_WHAT IS NEEDED_
Return each line of the data below exactly, omitting any pictures.
---- SOURCE DATA
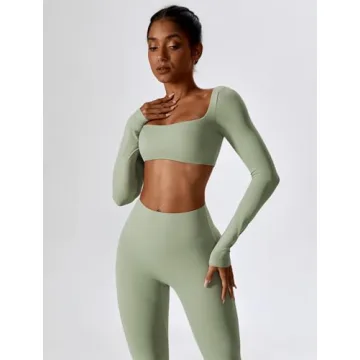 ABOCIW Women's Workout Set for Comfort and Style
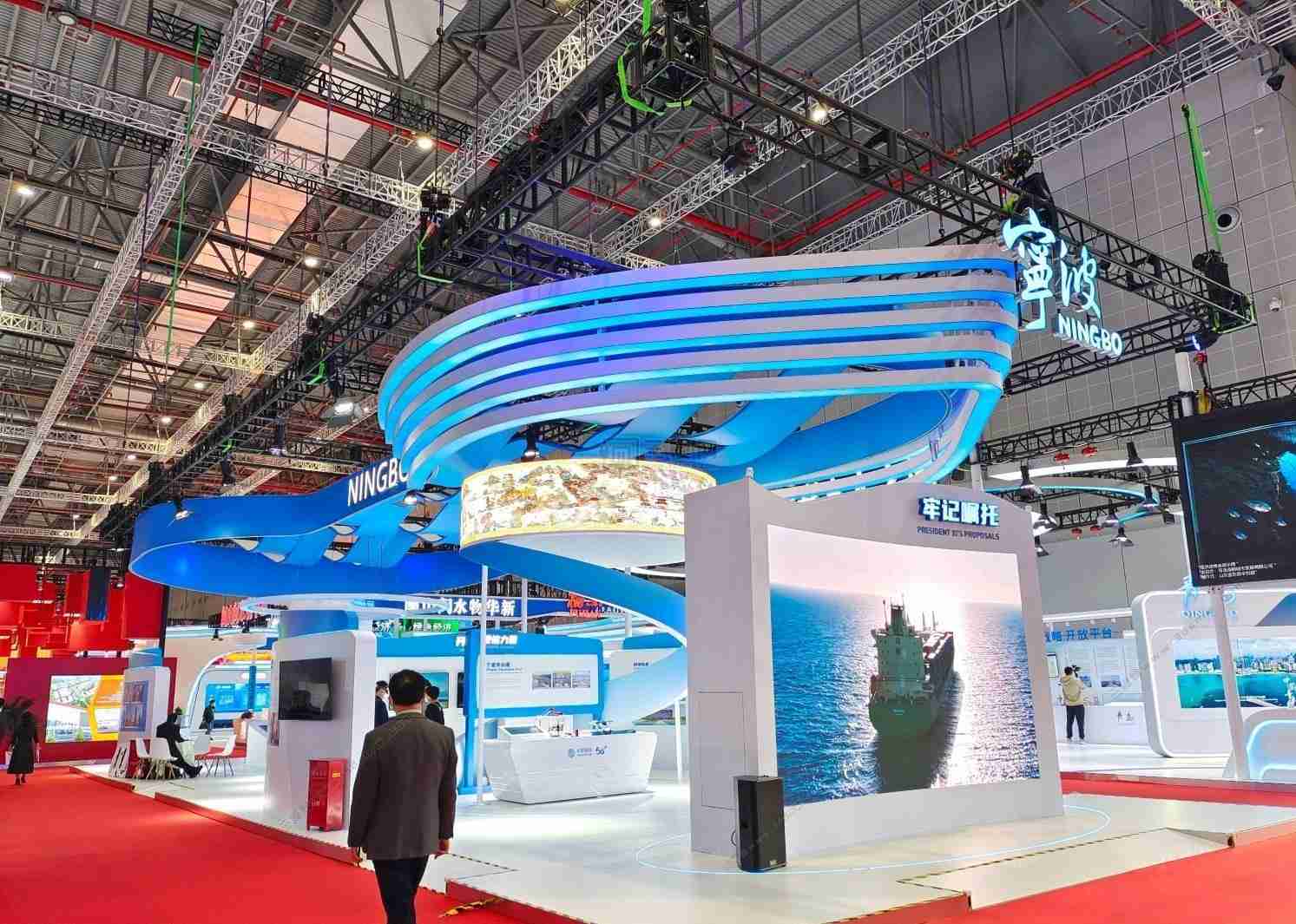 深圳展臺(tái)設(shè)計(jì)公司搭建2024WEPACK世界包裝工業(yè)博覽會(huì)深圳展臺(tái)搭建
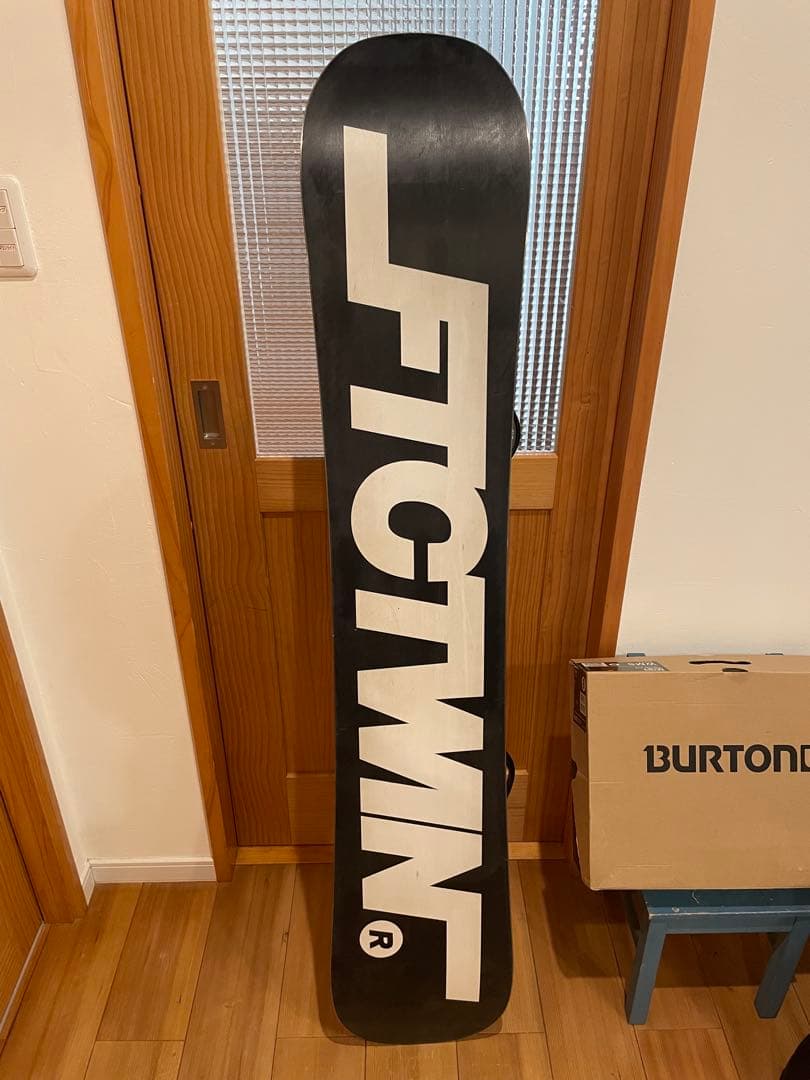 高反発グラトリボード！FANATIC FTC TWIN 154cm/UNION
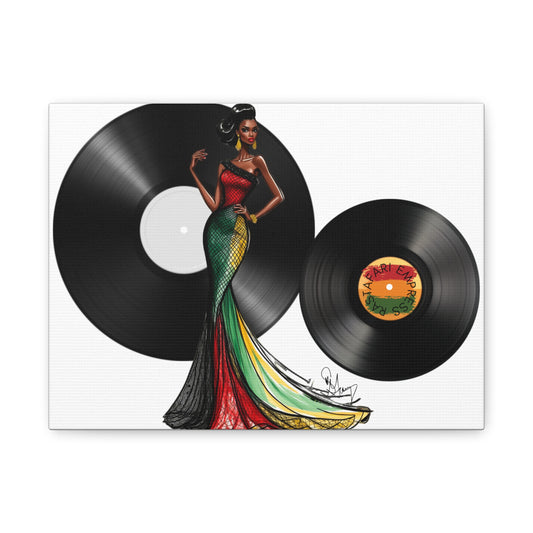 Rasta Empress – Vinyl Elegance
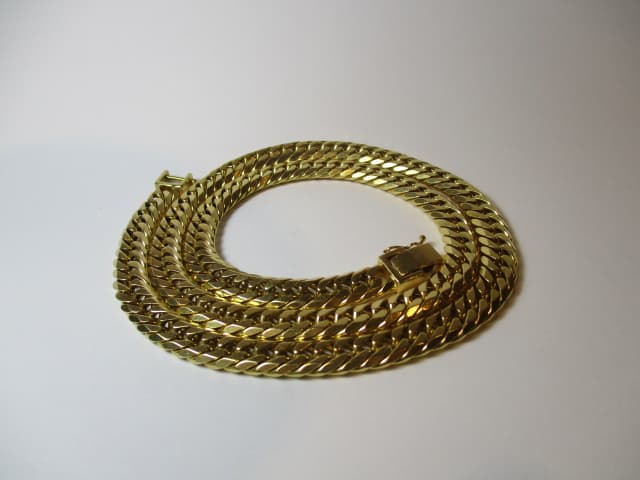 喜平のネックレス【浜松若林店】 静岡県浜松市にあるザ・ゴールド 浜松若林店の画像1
--------
_ANSWER SPACE_
 ABOCIW Women's Workout Set for Comfort and Style
 深圳展臺(tái)設(shè)計(jì)公司搭建2024WEPACK世界包裝工業(yè)博覽會(huì)深圳展臺(tái)搭建
 高反発グラトリボード！FANATIC FTC TWIN 154cm/UNION
 Rasta Empress – Vinyl Elegance
 喜平のネックレス【浜松若林店】 静岡県浜松市にあるザ・ゴールド 浜松若林店の画像1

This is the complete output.